Kehf Suresi
Yüce Allah Kehf suresine şöyle buyuruyor: (Resûlüm)! Yoksa sen, bizim âyetlerimizden (sadece) Kehf ve Rakîm sahiplerinin ibrete şâyan olduklarını mı sandın? Evet, bugün Kur'an'ı Kerim’in 18. Suresi olan Kehf suresiyle tanışıyoruz. Bu surenin 110 ayeti bulunuyor ve 28. Ayetin dışında diğer tüm ayetleri Mekke’de nazil olan ayetlerdir.
Kehf suresi Kur'an'ı Kerim’in ilginç surelerinden biridir. Bu surede Allah Teâlâ hamd ediliyor ve bu dünyadaki yaşamdan ve insanların sınanmasından bir tablo sergilendikten sonra insanda tevhid, iman ve direniş gücünü geliştiren üç ilginç öykü anlatılıyor. Bu öyküler ashabi kehf öyküsü, Hz. Musa ve Hz. Hızır’ın öyküsü ve Zülkarneyn öyküsüdür.
Kehf suresinin 7. Ayetinde yüce Allah: “Biz, insanların hangisinin daha güzel amel edeceğini deneyelim diye yeryüzündeki her şeyi dünyanın kendine mahsus bir zinet yaptık” şeklinde buyuruyor ve insanların sınandığını ve onlara iman ve irade gücünü ve maneviyat ve faziletini sergileme fırsatı verildiğini vurguluyor.
Gerçekte bu dünya bütün insanların ilahi sınavlara tabi tutulduğu ve böylece dünyanın görece güzelliklerine kanarak onlara gönül bağlamamaları sağlandığı bir dünyadır. İnsanlar bunun yerine iyi amelleri düşünmeleri ve uygulamaları gerekir, çünkü fani dünya tüm güzelliklerine rağmen kalıcı değildir ve bir gün tamamen yok olacaktır.
Bir gün bazı Kureyş liderleri iki elçiyi İslam peygamberinin –s– davetinin yahudi âlimlerce araştırılmasını talep etmeleri ve acaba bu davet hakkında eski semavi kitaplarda bir şey yazılıp yazılmadığı konusunda soru sormaları için Medine’ye yollar. İki elçi Medine’ye gelir ve kentte yaşayan yahudi âlimlerle temasa geçer. Yahudi âlimler şöyle der: Siz Muhammed’den üç şeyi sorun. Eğer hepsine ikna edici cevap verirse bilin ki o Allah tarafından gönderilen büyük bir peygamberdir, yoksa sahtekâr biridir ve hakkında istediğiniz kararı verebilirsiniz.

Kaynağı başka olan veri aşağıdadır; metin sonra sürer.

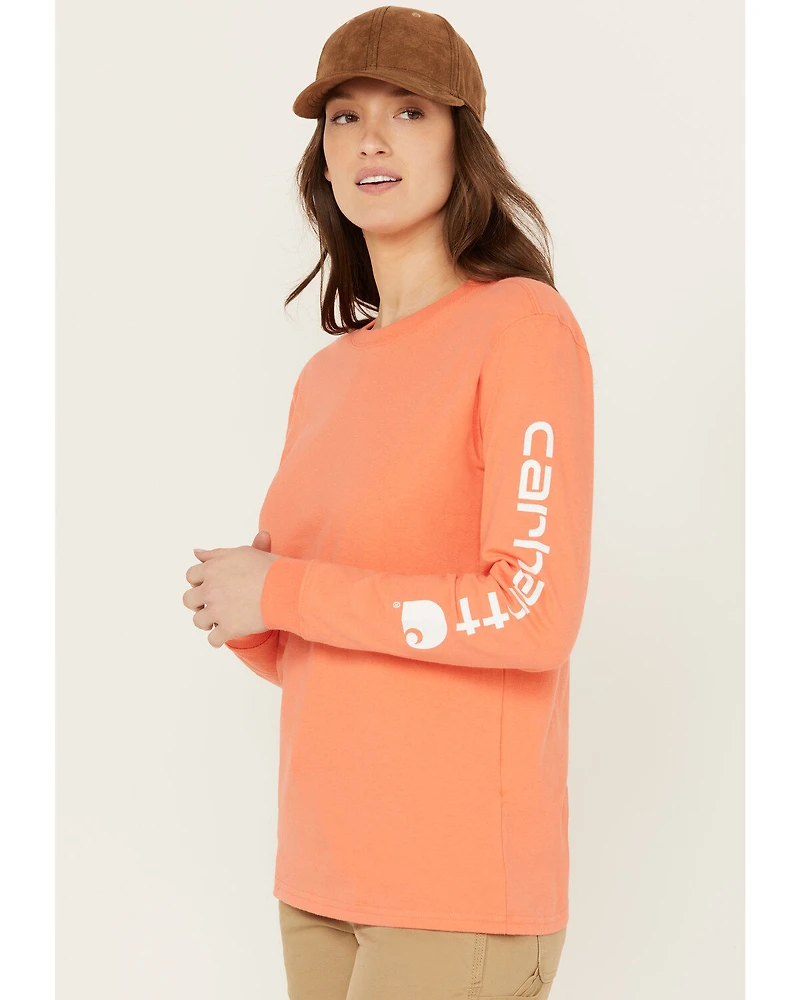 Carhartt Women's Loose Fit Heavyweight Long Sleeve Logo Graphic Work Tee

İlkin Muhammed’den kendi kavminden ayrılan bir grup gencin öyküsünü sorun. Yine yeryüzünün tümünü tavaf eden ve dünyanın doğusundan batısına kadar ulaşan adamın öyküsünü sorun. Ayrıca Muhammed’den ruhun hakikatini sorun. Kureyş elçileri geri döndü ve Allah Resulü’nün –s– huzuruna çıktı ve sorularını gündeme getirdi. Allah Resulü –s– onlara “cevabınızı yarı vereceğim” şeklinde karşılık verdi, ancak vahiy 15 gün sonra nazil oldu ve vahiy meleği Kehf suresini yüce Allah tarafından getirdi ve bu surede söz konunu gençleri ve ayrıca yeryüzünü gezen seyyahın öyküsü ve yine ruh gerçeği ile ilgili ayetler vardı.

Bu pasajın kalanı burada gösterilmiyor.